• _Assigned task_
Lift out all lines below that contain "Card".

········

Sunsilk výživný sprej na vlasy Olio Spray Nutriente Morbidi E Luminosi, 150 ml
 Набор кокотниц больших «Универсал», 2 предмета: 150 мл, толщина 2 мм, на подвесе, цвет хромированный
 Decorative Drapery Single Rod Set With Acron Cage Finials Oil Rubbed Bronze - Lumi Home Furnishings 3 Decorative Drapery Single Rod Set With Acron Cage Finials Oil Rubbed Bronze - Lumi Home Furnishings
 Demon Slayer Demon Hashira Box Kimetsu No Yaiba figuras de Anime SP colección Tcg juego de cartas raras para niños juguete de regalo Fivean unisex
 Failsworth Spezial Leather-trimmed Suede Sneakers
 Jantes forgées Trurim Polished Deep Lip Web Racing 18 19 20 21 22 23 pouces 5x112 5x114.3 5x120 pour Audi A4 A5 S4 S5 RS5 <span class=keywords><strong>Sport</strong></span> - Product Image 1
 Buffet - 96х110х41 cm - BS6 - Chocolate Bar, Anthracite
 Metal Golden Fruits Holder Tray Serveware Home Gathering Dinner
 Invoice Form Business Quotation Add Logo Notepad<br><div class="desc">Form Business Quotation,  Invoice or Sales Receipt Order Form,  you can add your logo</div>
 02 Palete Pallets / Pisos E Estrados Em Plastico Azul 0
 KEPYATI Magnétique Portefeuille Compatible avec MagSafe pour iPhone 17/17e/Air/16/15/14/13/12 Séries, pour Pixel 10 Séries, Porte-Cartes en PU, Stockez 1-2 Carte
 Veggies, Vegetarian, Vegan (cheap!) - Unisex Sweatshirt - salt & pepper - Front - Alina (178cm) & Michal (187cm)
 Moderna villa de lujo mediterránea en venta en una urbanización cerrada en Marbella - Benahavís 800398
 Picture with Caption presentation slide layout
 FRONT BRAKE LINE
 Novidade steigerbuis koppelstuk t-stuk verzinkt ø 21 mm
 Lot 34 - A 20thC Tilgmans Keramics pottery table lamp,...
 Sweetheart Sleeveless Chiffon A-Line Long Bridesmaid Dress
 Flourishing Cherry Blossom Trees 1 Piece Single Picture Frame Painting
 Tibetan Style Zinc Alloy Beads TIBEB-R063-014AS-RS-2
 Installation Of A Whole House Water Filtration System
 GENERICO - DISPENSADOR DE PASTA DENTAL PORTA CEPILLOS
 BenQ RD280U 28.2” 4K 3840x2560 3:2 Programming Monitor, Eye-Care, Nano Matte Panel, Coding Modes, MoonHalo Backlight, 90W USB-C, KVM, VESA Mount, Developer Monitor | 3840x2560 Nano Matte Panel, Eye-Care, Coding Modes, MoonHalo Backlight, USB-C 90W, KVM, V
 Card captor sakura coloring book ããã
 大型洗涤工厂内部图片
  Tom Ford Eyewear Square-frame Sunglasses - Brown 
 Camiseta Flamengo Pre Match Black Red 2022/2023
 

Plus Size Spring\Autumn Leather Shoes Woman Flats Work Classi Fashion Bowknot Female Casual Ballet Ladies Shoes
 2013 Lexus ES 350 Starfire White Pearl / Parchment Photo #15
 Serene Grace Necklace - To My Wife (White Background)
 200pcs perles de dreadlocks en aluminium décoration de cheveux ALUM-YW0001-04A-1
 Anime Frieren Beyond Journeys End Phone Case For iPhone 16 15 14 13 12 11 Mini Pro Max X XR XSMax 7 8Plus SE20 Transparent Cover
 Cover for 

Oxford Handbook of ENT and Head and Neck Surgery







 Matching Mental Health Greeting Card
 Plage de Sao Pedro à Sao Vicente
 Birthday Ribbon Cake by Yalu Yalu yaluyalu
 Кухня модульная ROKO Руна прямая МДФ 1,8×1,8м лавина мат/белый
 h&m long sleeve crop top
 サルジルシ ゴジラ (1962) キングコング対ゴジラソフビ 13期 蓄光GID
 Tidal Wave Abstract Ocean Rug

········

• _Task answer_
 Card captor sakura coloring book ããã
 Matching Mental Health Greeting Card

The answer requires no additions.